• Action item: Pictures are to be left out, and only the lines from the one containing "this 630×354 image." through the last line of the data are to be returned exactly.
- - - - -
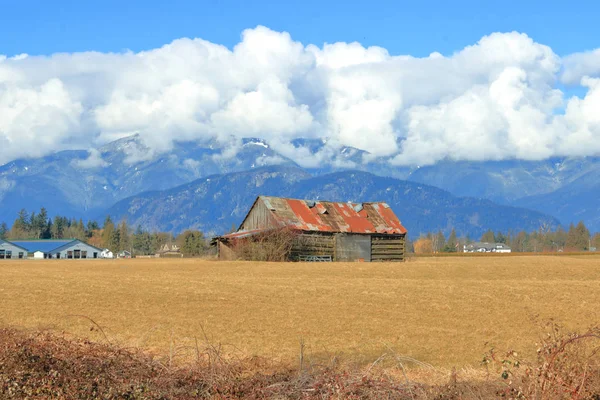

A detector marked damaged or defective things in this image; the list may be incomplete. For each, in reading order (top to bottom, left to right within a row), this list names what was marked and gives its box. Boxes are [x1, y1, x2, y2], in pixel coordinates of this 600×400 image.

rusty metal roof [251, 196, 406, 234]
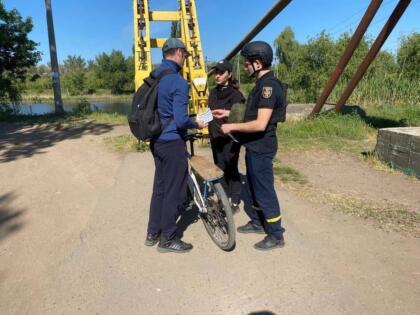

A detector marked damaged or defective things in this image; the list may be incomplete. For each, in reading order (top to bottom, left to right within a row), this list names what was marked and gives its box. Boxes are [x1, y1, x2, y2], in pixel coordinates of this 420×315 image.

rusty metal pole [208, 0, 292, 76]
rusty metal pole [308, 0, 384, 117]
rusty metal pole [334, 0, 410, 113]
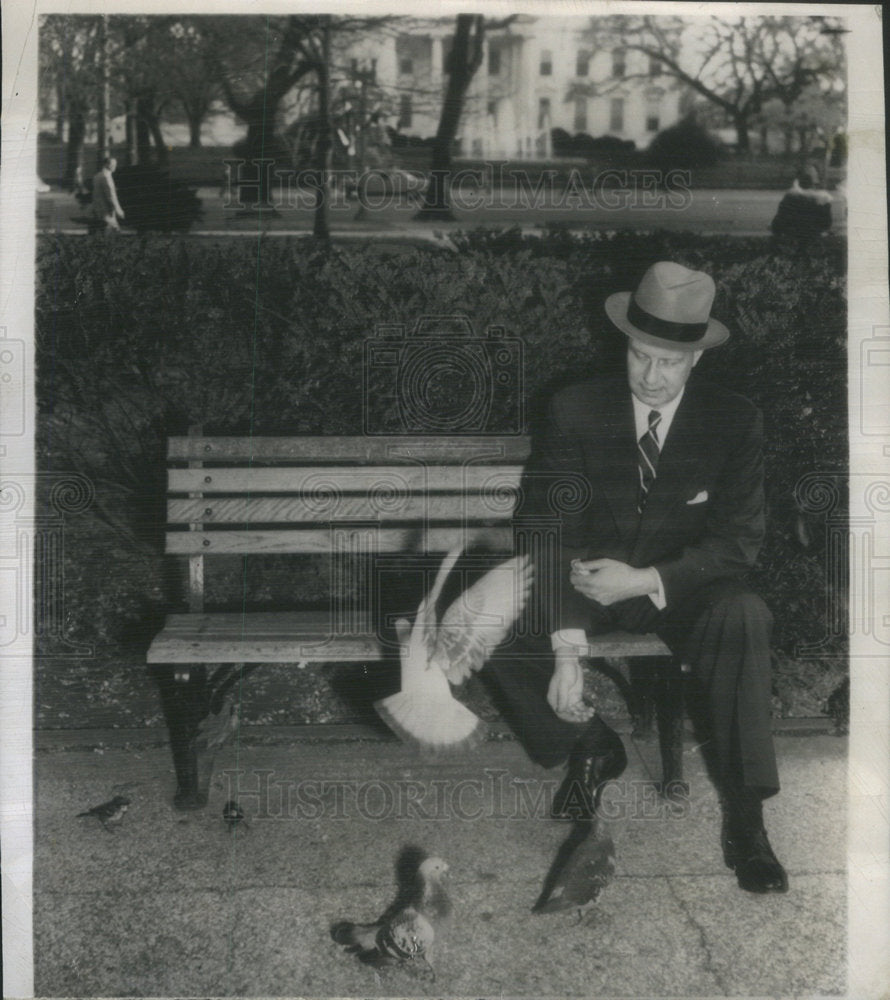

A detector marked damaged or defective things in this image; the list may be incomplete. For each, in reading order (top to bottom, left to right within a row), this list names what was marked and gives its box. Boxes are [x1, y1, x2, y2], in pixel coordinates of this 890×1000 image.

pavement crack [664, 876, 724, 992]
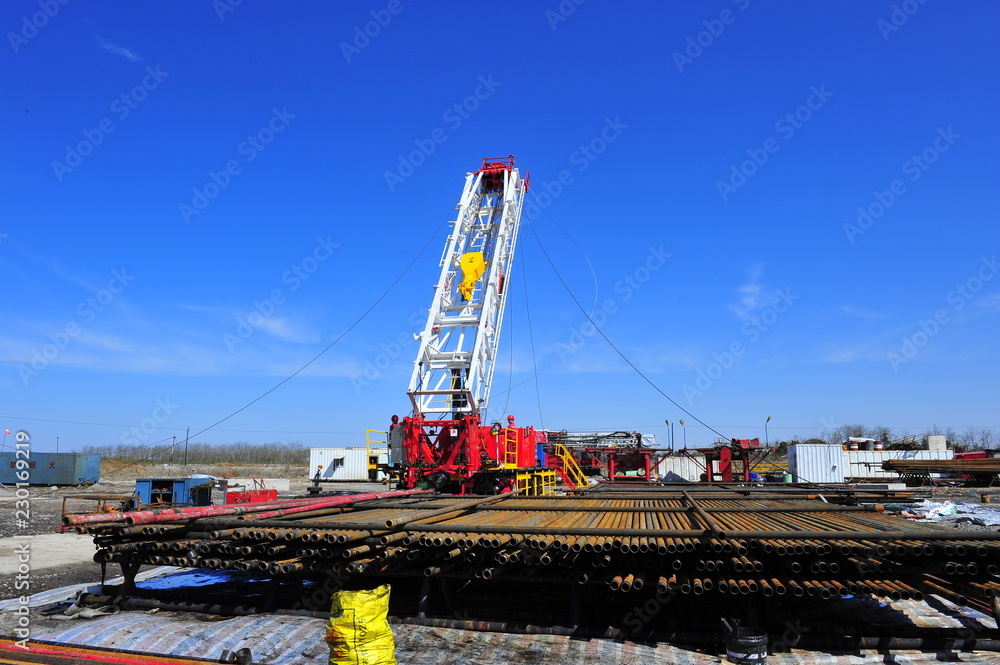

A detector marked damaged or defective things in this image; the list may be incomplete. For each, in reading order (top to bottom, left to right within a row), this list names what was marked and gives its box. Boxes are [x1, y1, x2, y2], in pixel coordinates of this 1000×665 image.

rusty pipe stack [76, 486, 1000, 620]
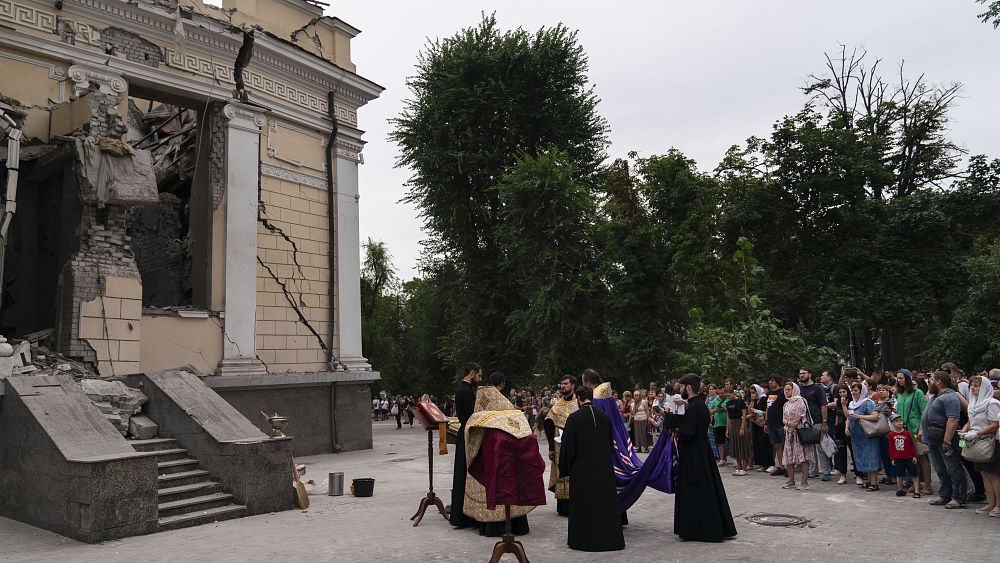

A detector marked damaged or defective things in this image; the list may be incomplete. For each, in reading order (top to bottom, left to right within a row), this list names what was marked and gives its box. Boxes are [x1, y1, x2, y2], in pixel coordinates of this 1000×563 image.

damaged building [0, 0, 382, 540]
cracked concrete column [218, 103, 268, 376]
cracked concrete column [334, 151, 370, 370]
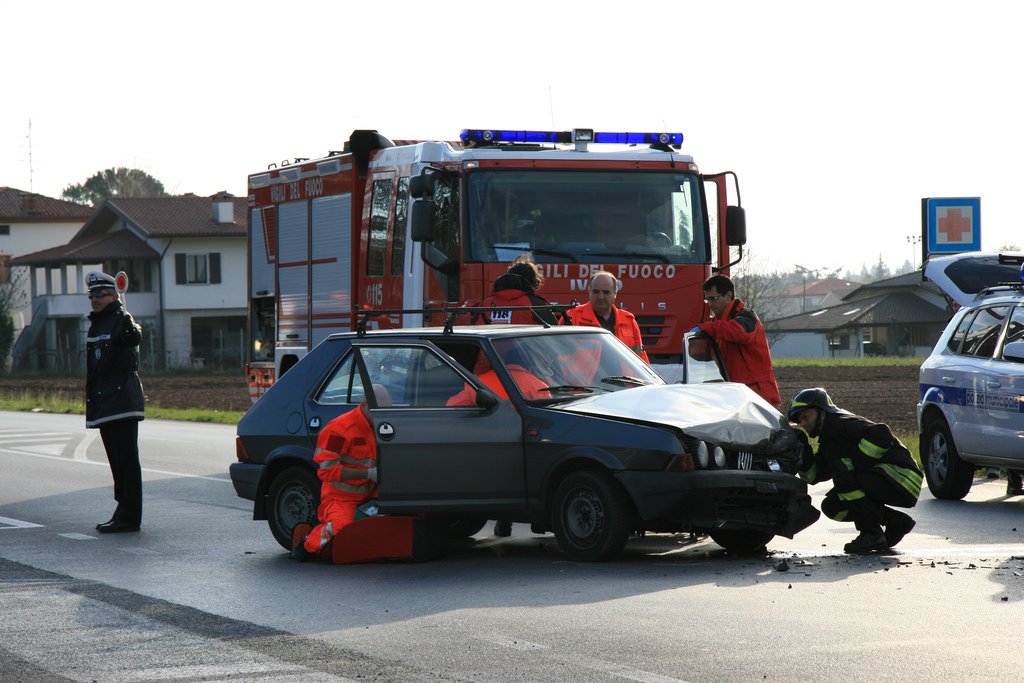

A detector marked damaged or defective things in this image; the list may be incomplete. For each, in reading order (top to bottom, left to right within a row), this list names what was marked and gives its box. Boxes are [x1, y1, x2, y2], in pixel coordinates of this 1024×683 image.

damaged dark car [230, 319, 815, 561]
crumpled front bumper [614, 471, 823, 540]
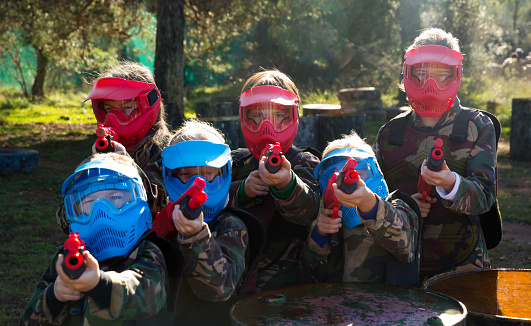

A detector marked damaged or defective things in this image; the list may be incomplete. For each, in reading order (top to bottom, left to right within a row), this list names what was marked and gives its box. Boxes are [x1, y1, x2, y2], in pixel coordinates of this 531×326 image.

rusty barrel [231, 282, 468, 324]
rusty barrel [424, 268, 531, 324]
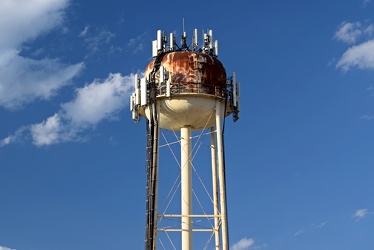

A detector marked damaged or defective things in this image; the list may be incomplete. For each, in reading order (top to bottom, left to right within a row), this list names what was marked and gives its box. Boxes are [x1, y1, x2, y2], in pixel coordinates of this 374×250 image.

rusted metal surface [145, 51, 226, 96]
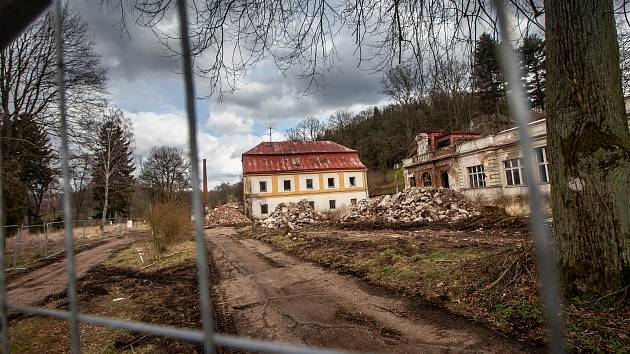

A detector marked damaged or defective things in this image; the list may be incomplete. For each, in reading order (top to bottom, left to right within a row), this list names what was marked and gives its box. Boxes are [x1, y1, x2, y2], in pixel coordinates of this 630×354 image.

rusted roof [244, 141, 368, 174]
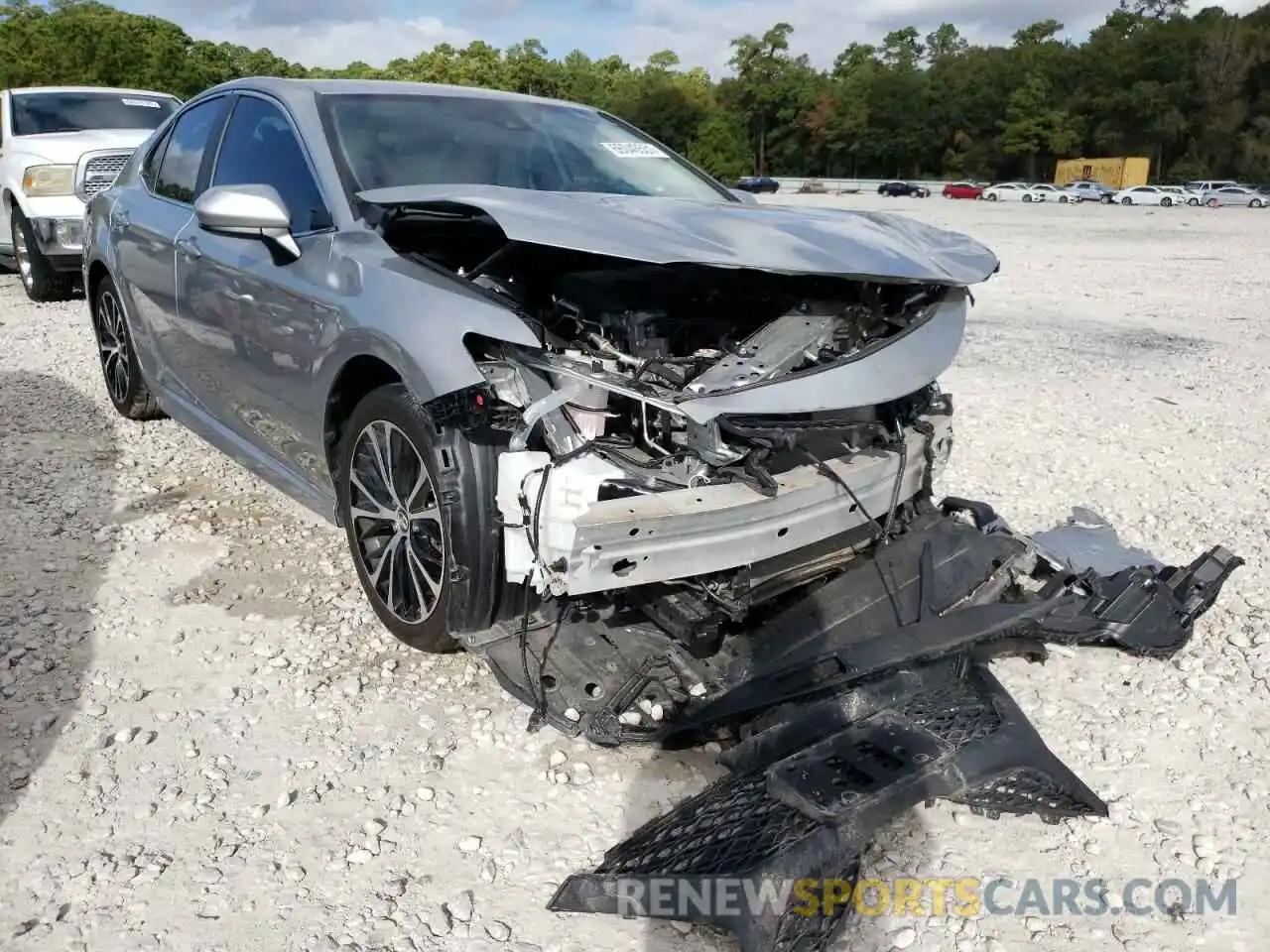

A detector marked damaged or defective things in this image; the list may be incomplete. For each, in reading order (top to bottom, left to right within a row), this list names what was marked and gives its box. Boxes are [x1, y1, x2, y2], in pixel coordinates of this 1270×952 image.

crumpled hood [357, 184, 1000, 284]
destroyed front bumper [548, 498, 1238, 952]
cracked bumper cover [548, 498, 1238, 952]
- - - - -
• Task solution:
A detector marked damaged or defective things in this image; the list may be incomplete. For each, in reading order (top to bottom, left to right within a row), this list names what was marked and gives its box. Boxes are [x1, y1, x2, y2], in pixel coordinates of this 630×354 image.

rusted roof [244, 141, 368, 174]

A detector marked damaged or defective things in this image; the list may be incomplete. For each, in reading order (top to bottom, left to right within a row), this list names what was marked and gives its box. Boxes are [x1, y1, x2, y2], in pixel coordinates of this 1270×952 image.

crumpled hood [357, 184, 1000, 284]
destroyed front bumper [548, 498, 1238, 952]
cracked bumper cover [548, 498, 1238, 952]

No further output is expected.